Commissioner MaryEllen Elia, in a memo issued to all district superintendents and charter school leaders, also barred the spending of state funds for the same purposes or for storing weapons on campuses.
"There is no place in our schools for weapons, no matter the intentions," Elia declared in her directive issued to local officials on Wednesday and released publicly a day later. "We simply cannot afford to use federal education dollars that are intended for teaching and learning to pay for weapons that will compromise our schools and communities."
Last month, U.S. Education Secretary Betsy DeVos announced through aides that she was weighing the question of whether to allow states to draw on federal funds to buy guns. DeVos later backed off that position, saying the issue would be left to Congress, the states and localities.

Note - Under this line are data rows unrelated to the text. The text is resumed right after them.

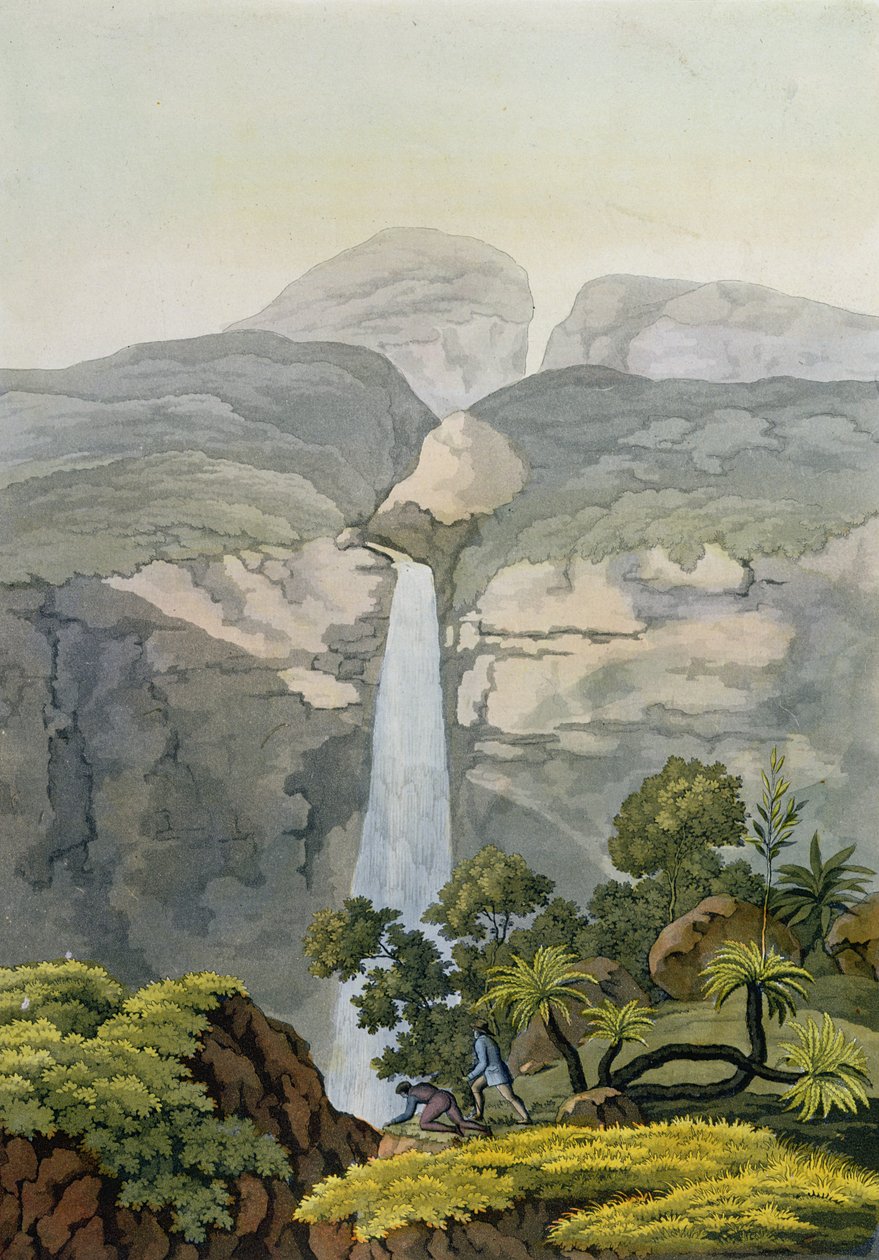 Cascada del río Vinagre, cerca del volcán Puracé, Nueva Granada, Brasil de Gerolamo Fumagalli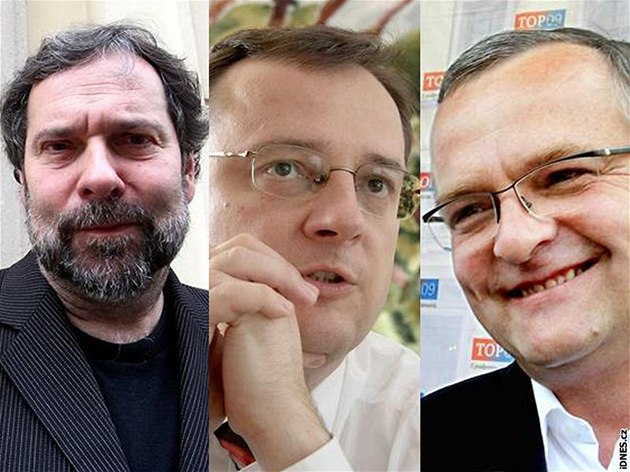 Radek John, Petr Ne�as a Miroslav Kalousek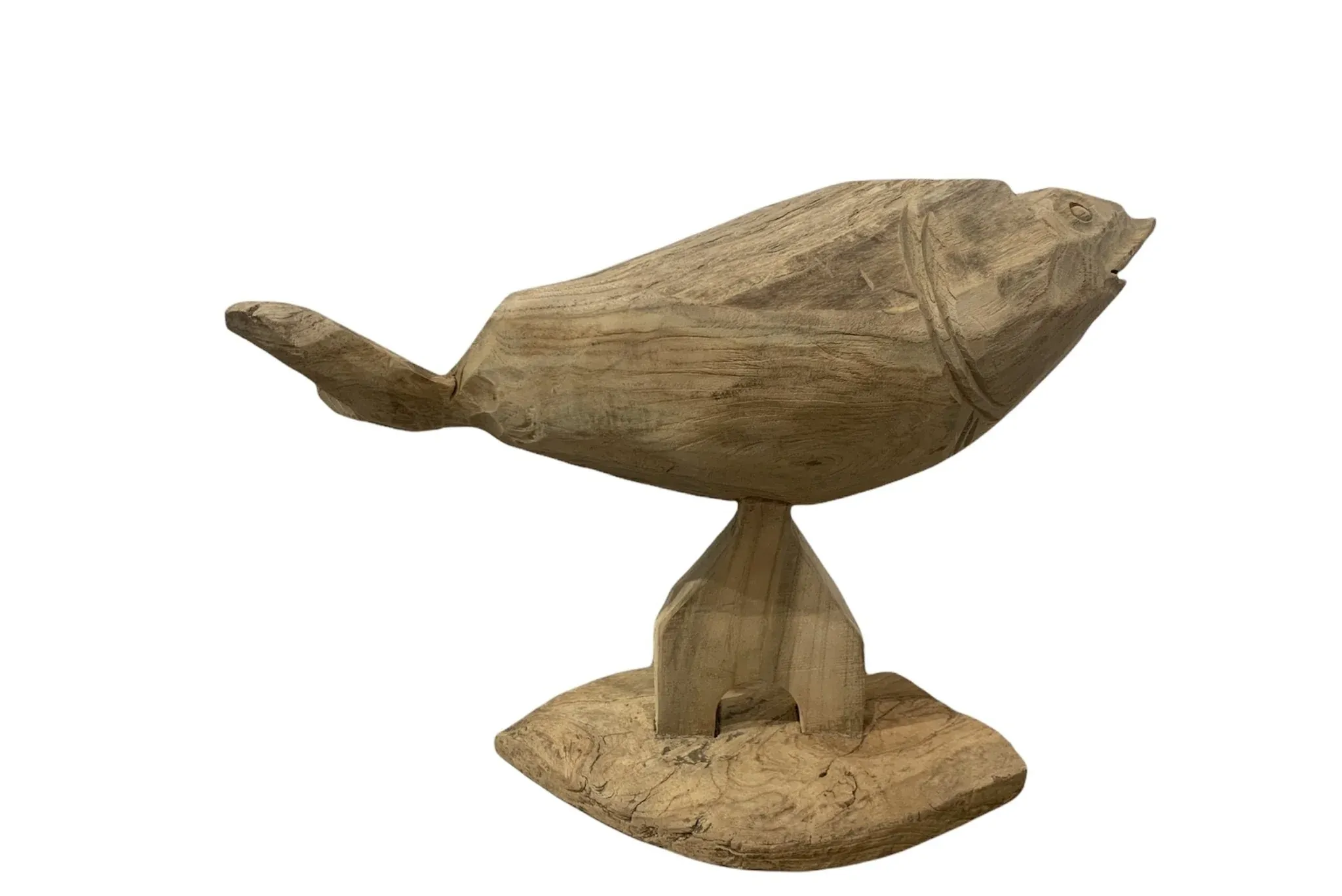 Pez de Madera de Teca - Imagen 2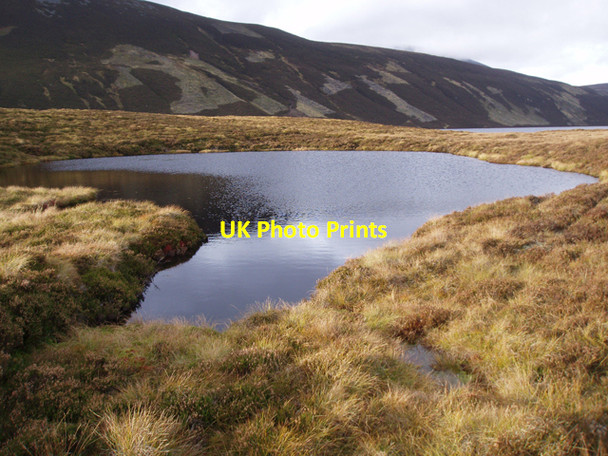 Photo 6"x4" Lochan south of Loch Builg Lochbuilg Lodge c2009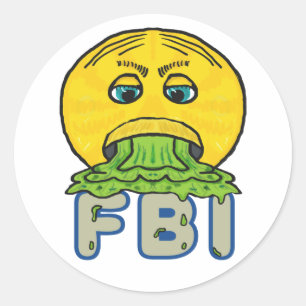 Anti FBI Classic Round Sticker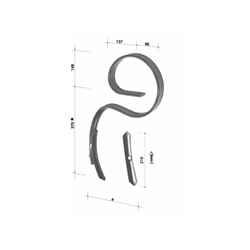 Ząb sprężysty flex 45X10-347613980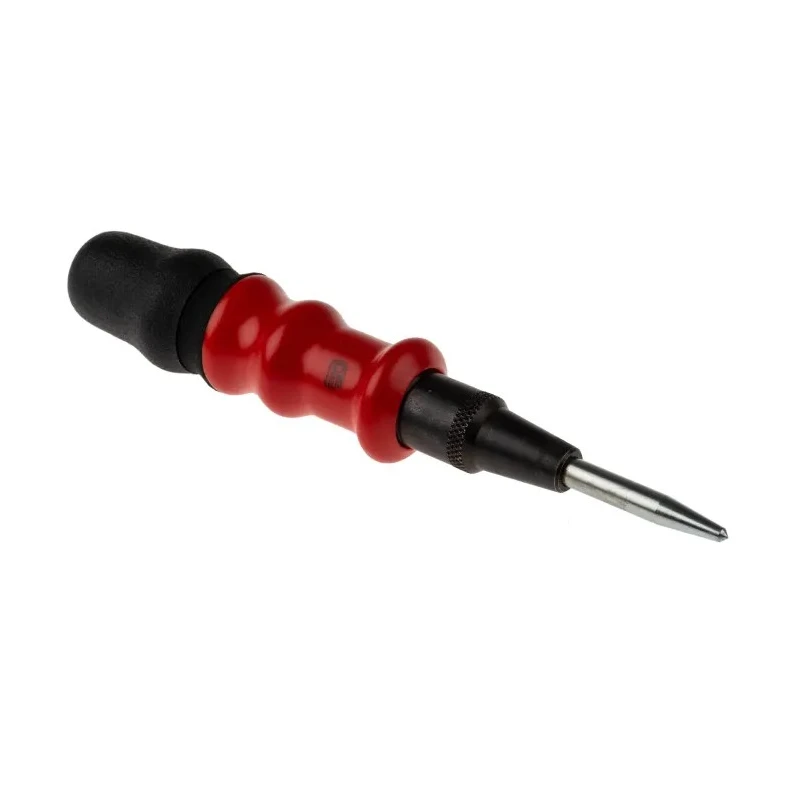 Facom Automatic Centre Punch, 16mm Shank Diameter, Hardened Tip 57-60 HRc, Model 257.GPB
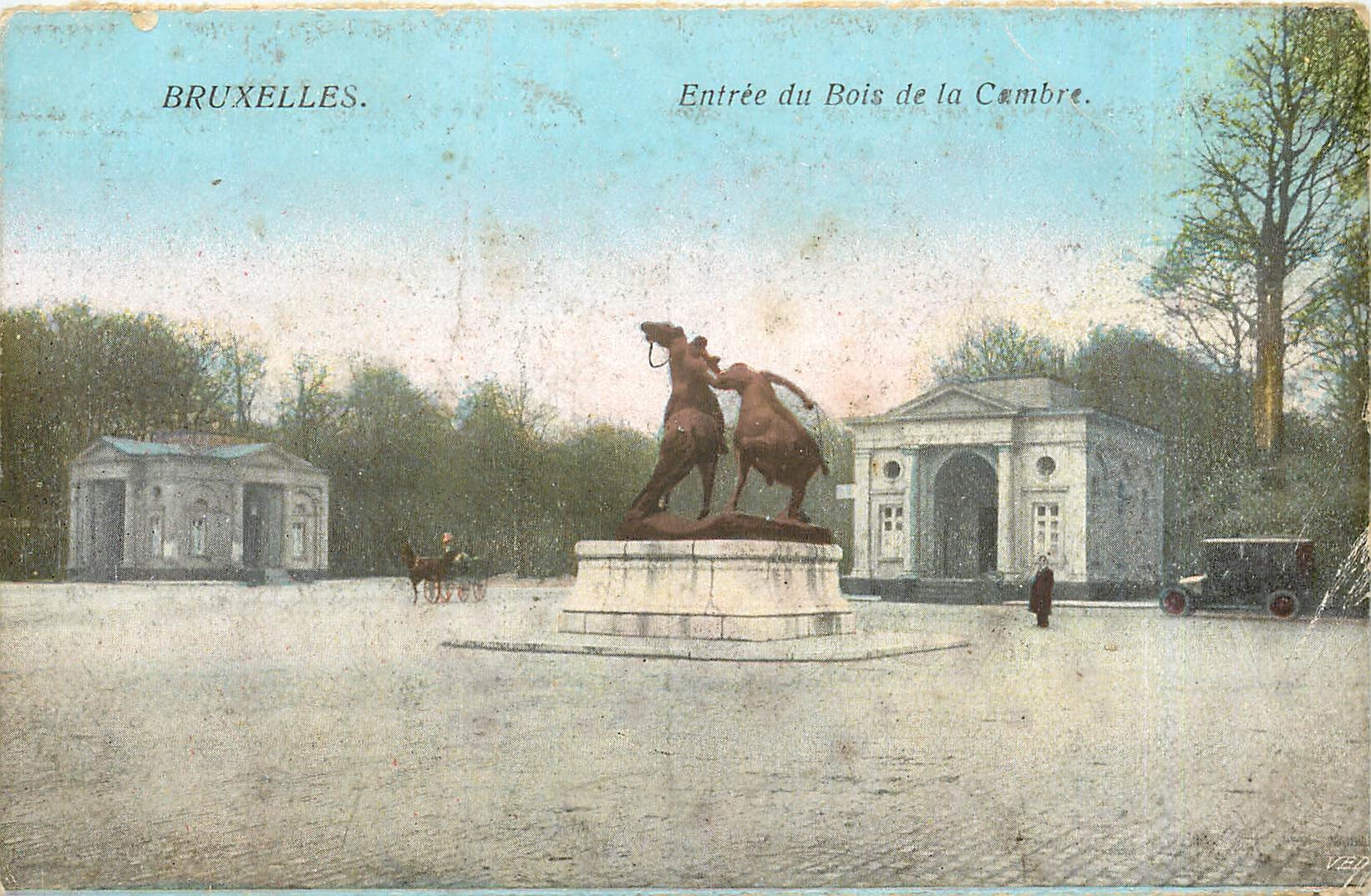 CPA Bruxelles Entree du Bois de la Cambre 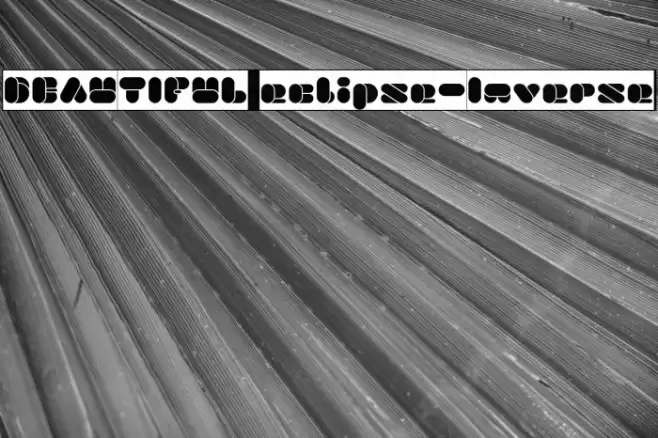 BEAUTIFUL eclipse-Inverse Font examples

The debate arose last month after a small rural school district in Oklahoma and the state of Texas asked the department to clarify what the funds can be used for. In Texas, school employees can volunteer to carry weapons on campuses after undergoing training.
Such inquiries often revolve around the use of federal money distributed under the Title IV program, which deals with school safety and prevention of drug use.
DeVos' press secretary, Liz Hill, responded to Elia's directive, saying, "As the Secretary has said all along, this is a state and local decision."
On Long Island, districts have taken a variety of approaches to upgrade security following mass school shootings this year in Parkland, Florida, and Santa Fe, Texas.
The Hauppauge and Miller Place systems have spent local funds to hire armed security guards — actions allowed under the commissioner's new guidelines. Meanwhile, dozens of other local districts have used state funds to purchase security equipment such as surveillance cameras, monitoring screens and automatic door locks, or to reinforce school entryways and windows against intruders.
"I think the state Education Department has the authority to decide how federal funds would be distributed," said David Flatley, superintendent of Carle Place schools and immediate past president of the Nassau County Council of School Superintendents. "It's not preventing a local school district from deciding to arm their security guards. It's simply telling them that if they want to do that, they'll not be allowed to use Title IV funds for that purpose."
Despite the emphasis on guns, locks and other hardware, many educators contend that schools' best defense is to address students' emotional problems and combat bullying and other behavioral troubles. New York State took a step this year in that direction by mandating that mental-health instruction be included in school curriculums.
"I do think that focusing on mental health is important," said Jay Worona, deputy executive director and general counsel for the New York State School Boards Association. The organization recently sponsored seminars on the subject.
With November elections approaching, the issue of guns in schools has entered the political arena.
State Sen. Todd Kaminsky (D-Long Beach), who last month urged Elia to prohibit schools from using federal funds to arm teachers, said he had been told by educators that "guns in classrooms make everyone less safe and that precious federal funds should be spent on increasing access to educational resources."
Kaminsky's election opponent, Francis X. Becker (R-C-Lynbrook), took a different tack. "While guns on the premises may not be the most desired approach, we should definitely not exclude any approach that makes sense," Becker said.